A general illustration of the two-band model as applied to bulk STO (left panel) and LAO/STO (right panel). For STO, the $d_{xz/yz}$ (band 1) crosses the Fermi level and the bottom of the $d_{xy}$ (band 2) is located above the Fermi level by ${\mu }_c-\mu$. In the case of LAO/STO interface, orbital reconstruction switches the position of the bands.

Figure 2

(a), (b) Superconducting transition temperature $T_c$ and (c), (d) the $T$ $=$ 0 ratio of the gap as a function of chemical potential for various values of ${\lambda }_{12}$ and ${\lambda }_{22}$. The light gray dotted line refers to ${\Delta }_2$/${\Delta }_1$ $=$ 1. Note the gap of the second band is finite at all doping, but it is significantly smaller for $\mu <{\mu }_c$. In all panels, ${\lambda }_{11}=0.14$.

Figure 3

(a) Superconducting gap as a function of chemical potential and temperature, displaying the standard BCS temperature dependence. (b) Calculated LDOS for the two-band model as function of increasing chemical potential and energy. (c)–(e) The chemical potential levels with respect to the two bands (left) and the calculated LDOS for the two-band model for $\mu$/${\mu }_c$ $=$ (c) 0.5, (d) 1.01, and (e) 1.5 and for the set of parameters ${\lambda }_{11}=0.14$, ${\lambda }_{22}=0.13$, and ${\lambda }_{12}=0.02.$

Figure 4

Calculations for the 3D two-band model as function of chemical potential for ${\lambda }_{11}$ $=$ 0.14 and ${\lambda }_{22}$ $=$ 0.13. We present $T_c$ (a) and ${\Delta }_2$/${\Delta }_1$ (b) for ${\lambda }_{12}$ $=$ 0.02, 0.04, and 0.08. The light gray dotted line in (b) across ${\Delta }_2$/${\Delta }_1$ $=$ 1 denotes the point at which the second gap crosses the first gap.
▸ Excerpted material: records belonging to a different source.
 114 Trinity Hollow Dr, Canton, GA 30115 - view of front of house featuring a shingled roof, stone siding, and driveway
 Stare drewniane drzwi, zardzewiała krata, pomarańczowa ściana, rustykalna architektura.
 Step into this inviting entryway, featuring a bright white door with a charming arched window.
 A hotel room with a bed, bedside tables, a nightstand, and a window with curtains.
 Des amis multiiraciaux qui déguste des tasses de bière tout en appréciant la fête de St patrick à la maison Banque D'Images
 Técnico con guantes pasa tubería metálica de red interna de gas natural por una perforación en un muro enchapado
The individual energy gaps (${\Delta }_i$) for ${\lambda }_{12}$ $=$ 0.02 are shown in (c).

Figure 5

Calculated LDOS for the weakly coupled 3D two-band model as a function of $\omega /{\mu }_c$ for $\mu$/${\mu }_c$ $=$ 0.5 (solid black line), 0.8 (dashed red line), 1.2 (dotted blue line), 1.5 (dashed-dotted green line). Here, we use the parameters ${\lambda }_{11}$ $=$ 0.14, ${\lambda }_{22}$ $=$ 0.13, ${\lambda }_{12}$ $=$ 0.02, and $\kappa$ $=$ 0.4.